__WORK TO BE COMPLETED__.
Line by line, retype the material with nothing left out.
******
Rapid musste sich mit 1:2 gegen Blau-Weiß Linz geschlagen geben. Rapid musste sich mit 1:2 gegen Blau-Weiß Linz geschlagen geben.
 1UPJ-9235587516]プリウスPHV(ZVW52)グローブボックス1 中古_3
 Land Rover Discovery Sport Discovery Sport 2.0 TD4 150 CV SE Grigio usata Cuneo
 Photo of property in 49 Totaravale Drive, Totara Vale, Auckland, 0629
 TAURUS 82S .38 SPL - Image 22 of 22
******
__PROBLEM SOLUTION__.
Rapid musste sich mit 1:2 gegen Blau-Weiß Linz geschlagen geben. Rapid musste sich mit 1:2 gegen Blau-Weiß Linz geschlagen geben.
 1UPJ-9235587516]プリウスPHV(ZVW52)グローブボックス1 中古_3
 Land Rover Discovery Sport Discovery Sport 2.0 TD4 150 CV SE Grigio usata Cuneo
 Photo of property in 49 Totaravale Drive, Totara Vale, Auckland, 0629
 TAURUS 82S .38 SPL - Image 22 of 22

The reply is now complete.